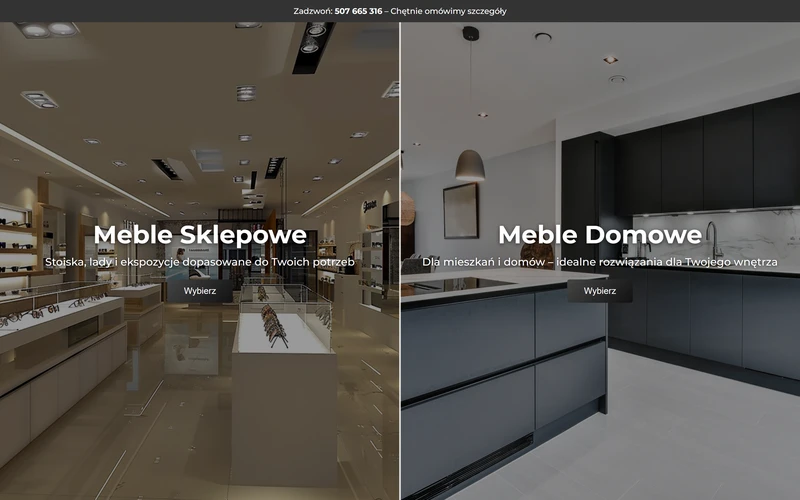 Tetameble website - furniture & joinery, built by Studio Arlek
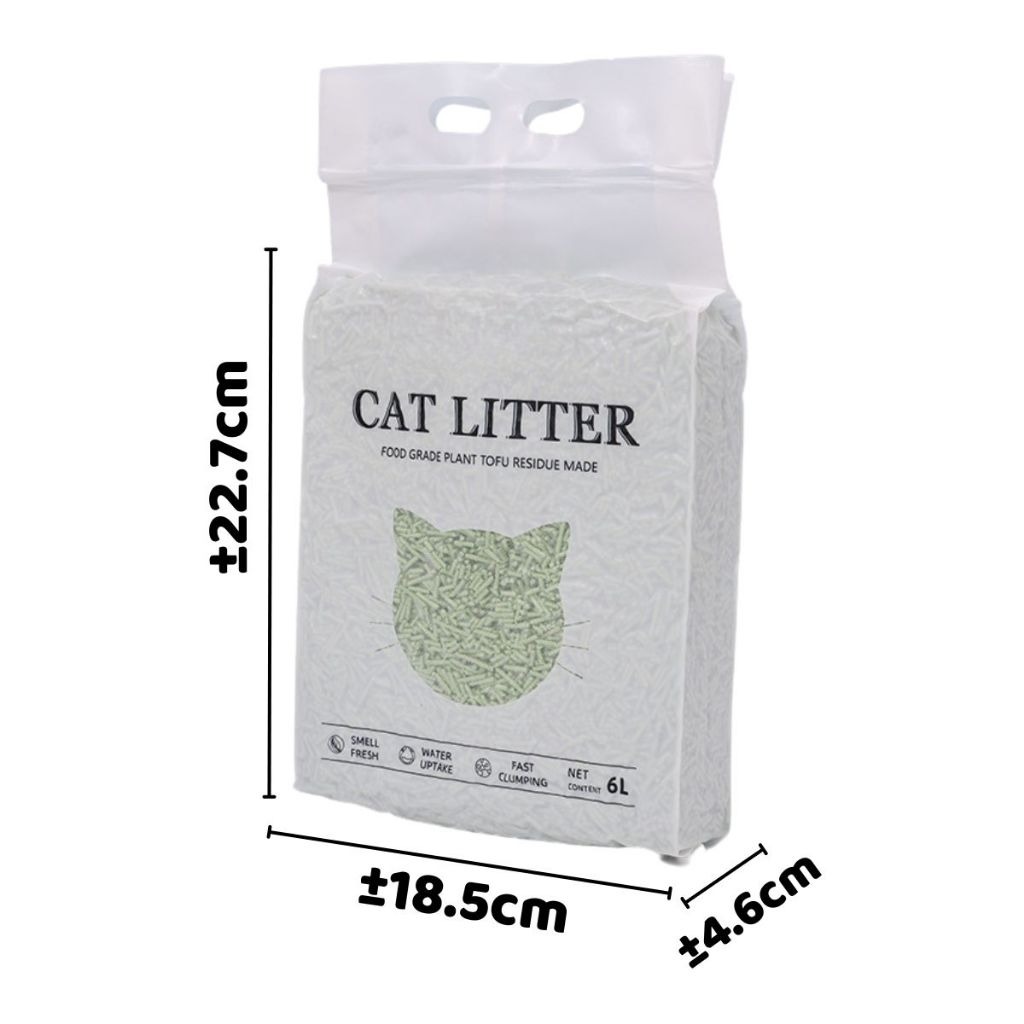Pasir Gumpal Kucing Organic 6 Liter Master Tofu Soya CAMPUR Cat Litter Penyaring Kotoran Hewan Anjing Bebas Debu Wangi Tahan Lama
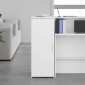 vidaXL Ντουλάπι Αποθήκευσης Λευκό 40x45x103,5 εκ. από Τεχνητό Ξύλο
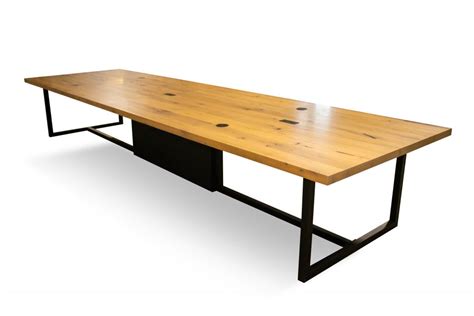 Reclaimed Wood Conference Table Any Size Wood And Finish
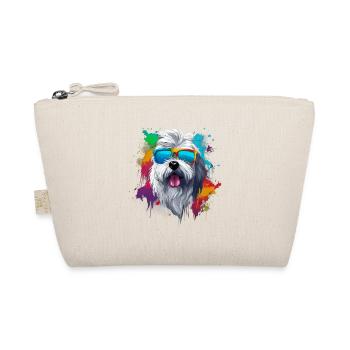 Bobtail Hund Hunderasse Old English Sheepdog - Bio-Täschchen - Natur - Vorne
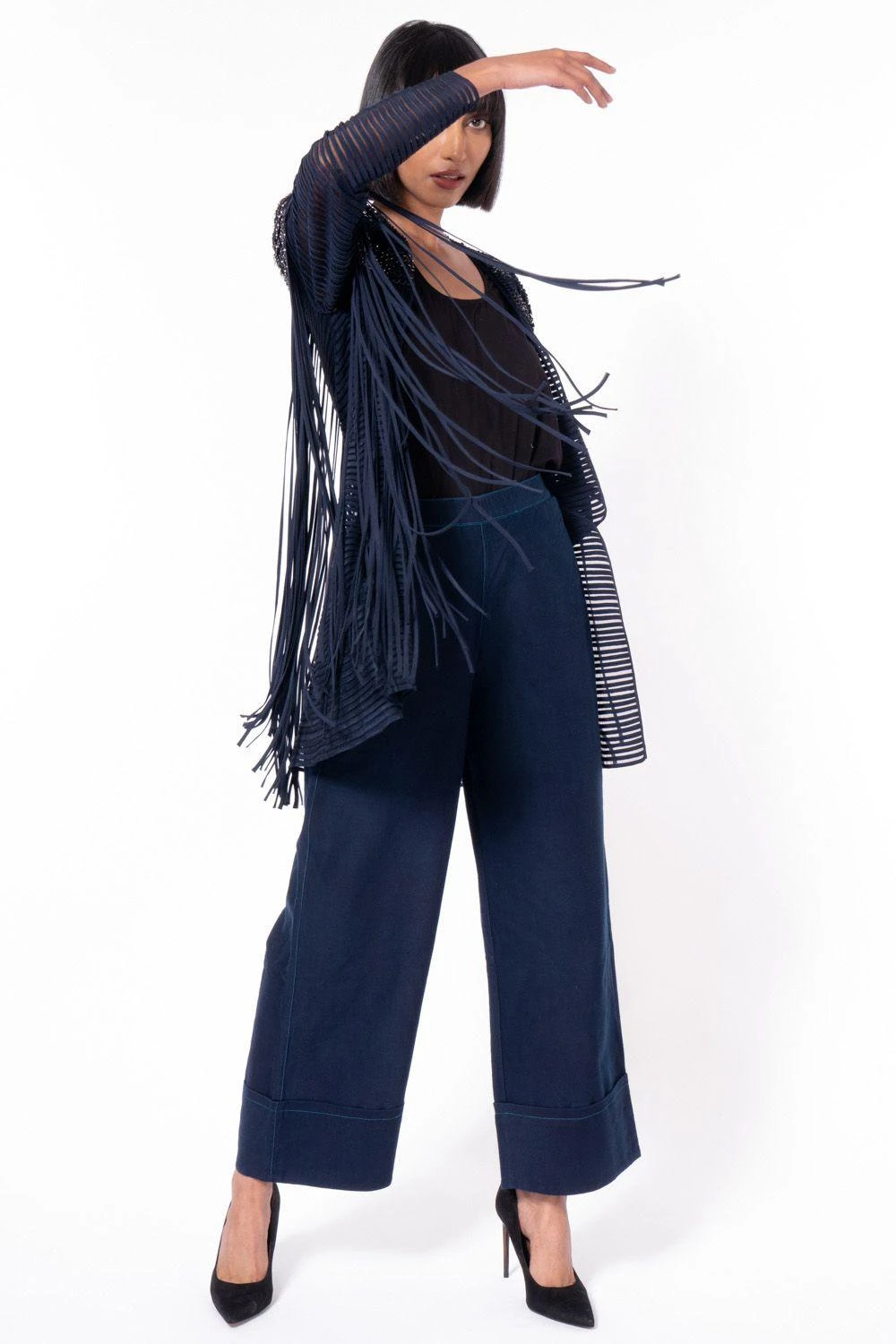 Rohit Gandhi + Rahul Khanna Blue Embellished Jacket 3 Rohit Gandhi + Rahul Khanna Blue Embellished Jacket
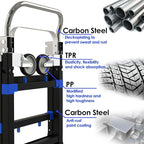 Black Convertible Hand Truck Dolly Cart - Image 3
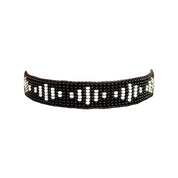 Black with White Sika Bracelet (LANB11314)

→ Work to complete: Write the records out again exactly; none of the pictures belong in the copy.

→ Output:
 Tetameble website - furniture & joinery, built by Studio Arlek
Pasir Gumpal Kucing Organic 6 Liter Master Tofu Soya CAMPUR Cat Litter Penyaring Kotoran Hewan Anjing Bebas Debu Wangi Tahan Lama
 vidaXL Ντουλάπι Αποθήκευσης Λευκό 40x45x103,5 εκ. από Τεχνητό Ξύλο
 Reclaimed Wood Conference Table Any Size Wood And Finish
 Bobtail Hund Hunderasse Old English Sheepdog - Bio-Täschchen - Natur - Vorne
 Rohit Gandhi + Rahul Khanna Blue Embellished Jacket 3 Rohit Gandhi + Rahul Khanna Blue Embellished Jacket
 Black Convertible Hand Truck Dolly Cart - Image 3
 Black with White Sika Bracelet (LANB11314)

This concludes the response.